The Grid Cell is currently located at the GE Advanced Manufacturing and Software Technology Center, but there is limited access. 

Rick Jarman, President and CEO of NCMS said, “We could see the potential for both professional development and educational attainment, by having access to larger research facilities and the expertise and infrastructure that a university has.”

At the university, the Grid Cell will be placed in an office building on its Southfield campus.

The Grid Cell was part of a $4.8 million U.S. Department of Energy grant given to NCMS in order to help out the Lightweight Automotive Materials Program. The grant was also used to help small businesses with digital manufacturing and to identify industry needs for advanced materials for some of the large manufacturers in the United States. The grant expired in September.

After their studies, NCMS created a “grid” of resource centers, all with different areas of focus, to help smaller businesses enter into advanced materials manufacturing. For example, one center in Michigan focuses on prototyping and design with composite materials, while another in Virginia deals with crash analysis and safety systems.

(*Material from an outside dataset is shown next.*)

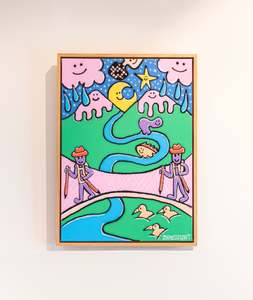 Original Paintings: JAMES HUNT - TAKE A HIKE BUDDY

There is also the possibility of new centers of the grid to have a focus on precision manufacturing, life sciences, medical devices, or even the aerospace industry. However, Jarman says that those are still in development. 

"The purpose is to help turn that vertical climb into more of a ramp, to help small and midsized manufacturers," said Jon Riley, Vice President of Digital Manufacturing, NCMS. "And maybe by the time they've used the digital equipment and it lowered their cost or brought a successful product to market, then they're sold on buying the software when they know it makes sense for them. 

The executive director of economic development and community affairs at Lawrence Tech, Mark Brucki, says that they will host the Grid Cell rent-free and will use it to aid manufacturers should they need it. It will also be used to help expand the university’s graduate certificate program.

"Considering the (limited) number of universities that offered such programs, and the potential market or need for a program if we added graduate degrees, we wondered, 'What could we do here to help?'" Brucki said.